Proprio attorno agli anni Sessanta anche a Ferrara si sostenne la necessità di una nuova legge sulla scuola materna pubblica, di “una scuola statale”, ma anche dei Comuni, delle Province, delle Regioni, una legge che fissasse gli ordinamenti e desse ai Comuni i necessari finanziamenti per istituire una rete generalizzata di scuola d’infanzia gratuita e aperta a tutti i bambini. Occorre ricordare il valore delle testimonianze e dell’impegno per una scuola dell’infanzia per tutti i bambini di Immacolata Basteri, assessore alla pubblica istruzione, di Rossana Lugli dell’Udi, di Maria Luisa Passerini, direttrice delle scuole d’infanzia comunali di Ferrara.
La Basteri sosteneva che l’obiettivo era una scuola finanziata dallo Stato e gestita dai Comuni, basata sulla concezione di vera democrazia, indissociabile dalla problematicità della scuola. Una scuola intesa come diritto del cittadino e dovere dello Stato, giacché collocata nel momento più importante della vita del fanciullo, dove il primo momento di scolarizzazione era inscindibile dall’intero percorso della scuola, perché necessario a fornire un’educazione psicolinguistica, quale strumento prezioso per la conquista della conoscenza, dell’uso del linguaggio e della scoperta della socialità. Tracciando le linee del servizio offerto dal Comune di Ferrara, denunciò la pressoché totale assenza dell’impegno dello Stato in materia di istituzione della scuola d’infanzia.

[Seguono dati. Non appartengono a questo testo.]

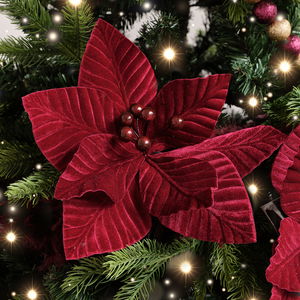 Set of 2 Dark Red Poinsettia Pick Decorations - 28cm
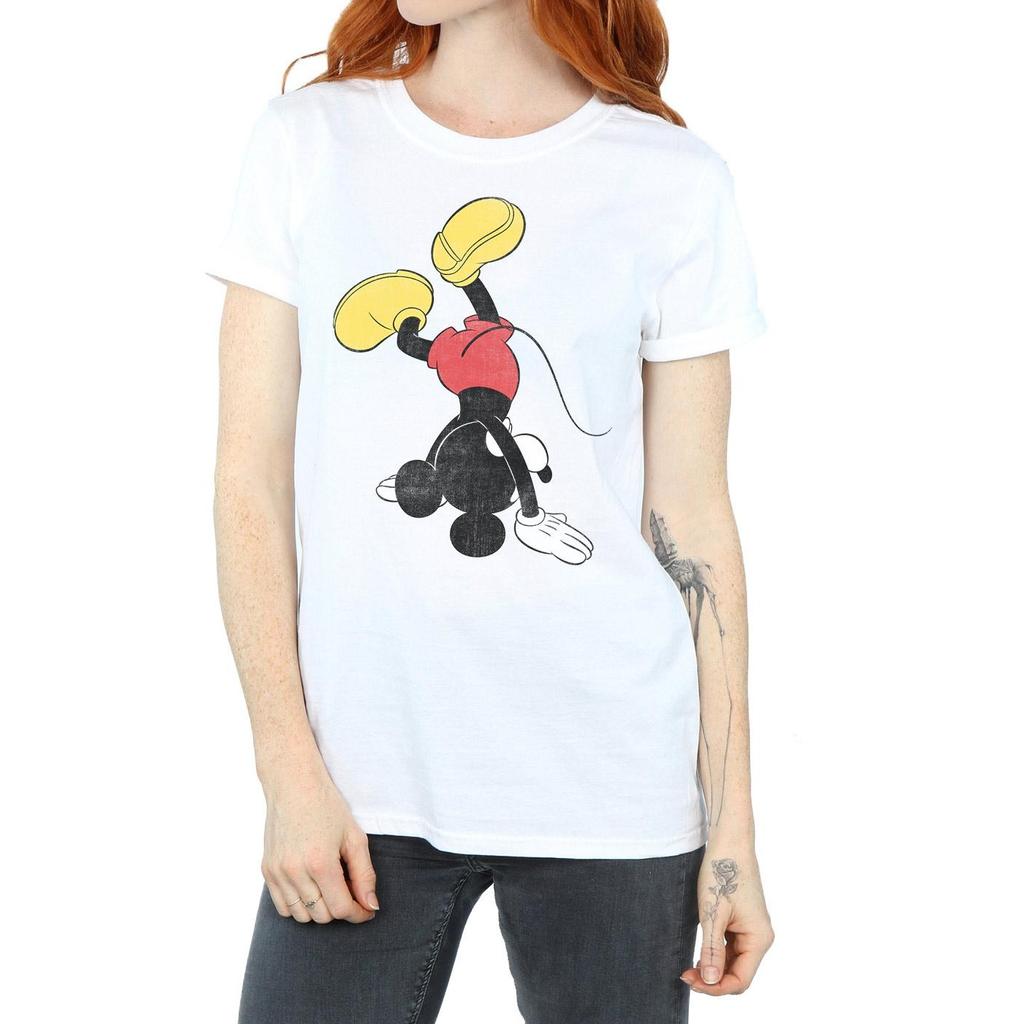 Disney Womens/Ladies Mickey Mouse Upside Down Cotton Boyfriend T-Shirt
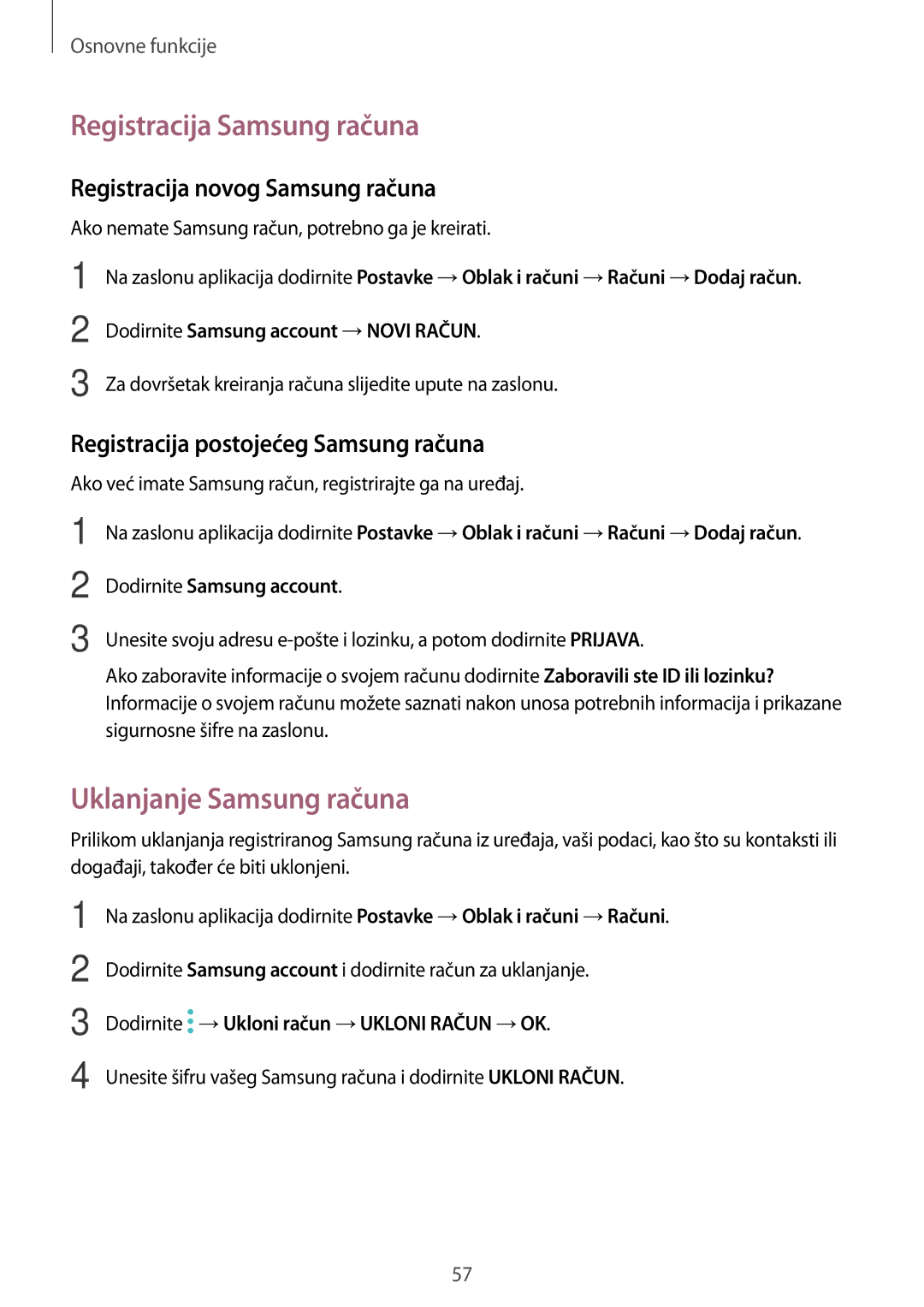 Samsung SM-A520FZIASEE manual Registracija Samsung računa, Uklanjanje Samsung računa, Registracija novog Samsung računa 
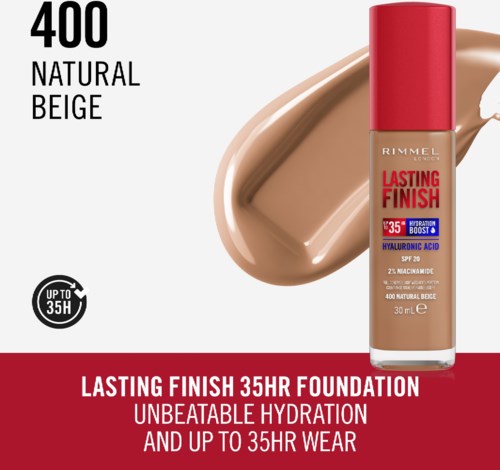A foundation bottle labeled 'Lasting Finish' with beige color, red cap, and sun protection, showing it lasts up to 35 hours.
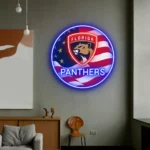 Florida Panthers Neon Sign Us Flag Acrylic 1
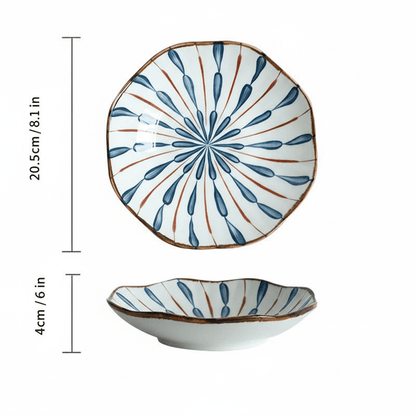 Bea Homes - 8 Inch Lotus Shaped Water Droplet Design Ceramic Plate Set - Bea Homes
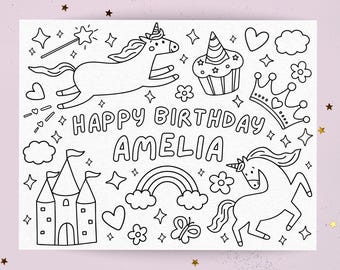 Personalisiertes Einhorn-Geburtstags-Tischset, bearbeitbares Mädchen-Bday-Aktivitätenblatt, druckbare Kinderfarbseite, magische Themenparty-Kleinkind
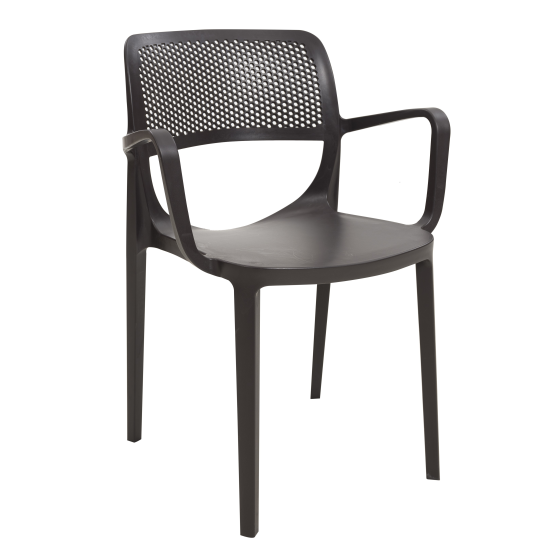 Mila Rainbow Plastic Arm Chair Anthracite Nicosia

Rossana Lugli dell’Udi denunciò la presenza a livello provinciale di vaste aree assolutamente scoperte in termini di scuola materna, mentre laddove esisteva, veniva identificata con l’asilo parrocchiale e, nel suo insieme, la condizione socio educativa appariva gravemente deprivata. Ribadì la richiesta di Ferrara del riconoscimento della scuola comunale dell’infanzia come “scuola pubblica” giacché l’impegno del Comune era molto qualificato (dalle 12 sezioni di scuola materna esistenti nel 1962 era previsto il passaggio a 49 sezioni, offrendo così il posto nella scuola dell’infanzia a circa 2.000 bambini). Maria Luisa Passerini, in un convegno nazionale tenutosi a Modena nel 1973, tracciò dettagliatamente la situazione della scuola materna ferrarese: a Ferrara la scuola materna offriva circa 2.310 posti e, calcolando che la domanda alla materna copriva circa l’80%, se ne ricavava che sulla popolazione infantile in età, restavano fuori ancora circa 1.300 bambini. Richiamò il diritto di tutti i bambini ad accedere alla scuola d’infanzia e sostenne che la presenza della scuola d’infanzia comunale, oltre al significato incisivo che viene ad assumere per la sua consistenza, acquista anche contenuti qualitativamente nuovi. Era convinta che i bambini, attraverso il percorso educativo della scuola dell’infanzia, sarebbero stati “il veicolo di chiarificazione delle realtà sociali, ambientali, economiche e questa realtà organizzativa si diffonderà negli adulti, che ne prenderanno coscienza e la porranno come problema che dovrà ottenere positive soluzioni”. Di qui la necessità di presenza nell’organo di gestione sociale oltre al personale della scuola, anche delle rappresentanze dei consigli di quartiere, dei sindacati, degli organismi rappresentativi. Sostenne che una scuola dell’infanzia per tutti deve avere anche un altro obiettivo: apertura e accoglimento dei bambini handicappati sensoriali e psichici per consentire loro il diritto a socializzazione e scolarizzazione e non già l’emarginazione sociale come di fatto avveniva.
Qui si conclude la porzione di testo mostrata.